THC has some potent effects against cancer, heart disease, pain, nausea and insomnia. It can also help with seizures, insulin sensitivity and improve brain function in certain ways.

Introduction 

Tetrahydrocannabinol (THC), also known as delta9-tetrahydrocannabinol, is the primary component of cannabis responsible for its psychoactive properties. It is considered a secondary metabolite of the plant marijuana that serves as a defense mechanism to prevent consumption of the plant (R).

THC in the Cannabis plant needs to be heated in order to be efficiently utilized by the body (R).
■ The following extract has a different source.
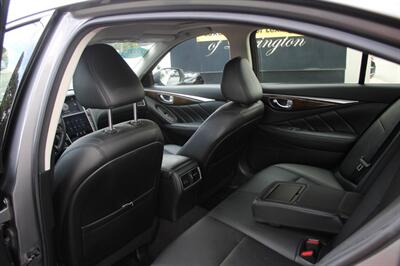 2019 INFINITI Q50 3.0T Luxe   - Photo 21 - Lexington, SC 29073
Medical use of cannabis dates back as far as 16th century B.C. by the Egyptians, and subsequently by the Greeks and Romans. A cannabis extract containing THC metabolites was found inside a tomb in Israel on remains of a young woman who appeared to have died giving birth (R). The archeologists who discovered the tomb speculated that the cannabis was used to facilitate the birth process.

Current Uses of THC in Medicine

Although CBD may be a more popular constituent of cannabis for therapeutic purposes, synthetic forms of THC such as Dronabinol have been approved for the treatment of nausea, vomiting, and loss of appetite in chemotherapy and AIDS patients (R).

Nabiximols, a cannabis extract, is a spray that can ease the symptoms of other spastic symptoms of treatment-resistant multiple sclerosis (R).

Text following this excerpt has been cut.